Photo de Esraa Abo Qamar
Une petite librairie dans la bande centrale de Gaza maintient la lecture vivante au milieu du chaos et de la violence implacables d'Israël, L'intifada électronique Rapports. Le stand, appelé Eqraa Ketabak (lire votre livre), est dirigé par Salah et Abdullah Sarsour, frères qui ont perdu leur maison et se sont abrités dans une école de Nuseirat Camp. Ils ont parlé à Esraa Abo Qamar pour un profil de la boutique et sur leur passion pour le partage de leur amour des livres.
Les Sarsours sont des lecteurs à vie et, malgré le danger, ont continué à faire des voyages dans des librairies qui fonctionnent toujours dans le nord de Gaza. Mais comme beaucoup dans leur communauté ne pouvaient pas faire le même voyage, ils ont décidé d'ouvrir leur propre petite boutique, en mettant en commun leur argent pour stocker un stand avec des livres.
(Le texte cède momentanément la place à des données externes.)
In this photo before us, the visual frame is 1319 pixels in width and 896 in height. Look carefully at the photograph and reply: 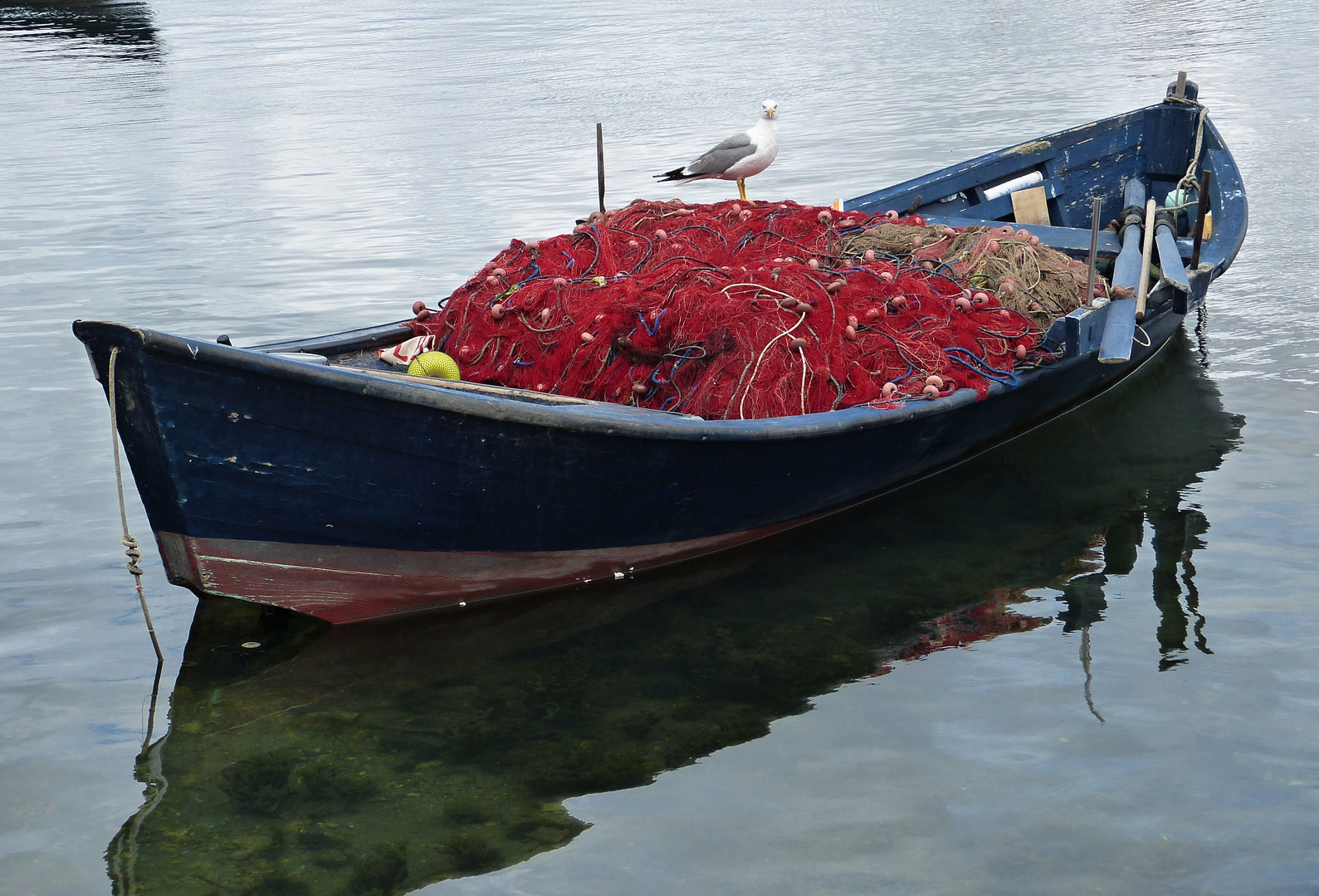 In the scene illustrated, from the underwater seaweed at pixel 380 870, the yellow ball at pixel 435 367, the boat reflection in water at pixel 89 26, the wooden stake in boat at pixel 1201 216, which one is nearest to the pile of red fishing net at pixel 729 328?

« Il s'agit de partager notre passion avec les gens, pas seulement de démarrer une entreprise », a déclaré Salah L'intifada électrique. Et fidèle à cette mission, le stand est devenu un centre communautaire, un lieu de conversation et pour que les gens se renseignent avec les livres et la littérature.
Il n'est pas surprenant que les gens affluent vers le stand. La Palestine a une riche culture littéraire et l'un des taux d'alphabétisation les plus élevés au monde. L'intifada électrique cite une étude que près de 98% des personnes de plus de 15 ans dans la bande de Gaza peuvent lire et selon Wikipedia, la Palestine a globalement un taux d'alphabétisation de 97%. En comparaison, les États-Unis ont un taux d'alphabétisation de 86% chez les adultes.
Le décrochage des frères est devenu le genre d'endroit qui est en panne à Gaza, car Israël a détruit la plupart des bibliothèques, des universités et des écoles, et tue de nombreux poètes et écrivains.
L'écrivain palestinien Amal Abu Saif a dit au L'intifada électronique que le «stand de livre est devenu ma destination prioritaire et le seul endroit qui me fait me sentir à nouveau mon ancien moi.» Et le romancier et académique Hassan al-Qatrawi a écrit sur les réseaux sociaux que les livres des frères Sarsour ont été une bouée de sauvetage, et un moyen de «nous construire de l'intérieur».
« La faim de nourriture est temporaire », a-t-il dit, « mais la faim de lecture est éternelle. » Lisez le profil complet ici.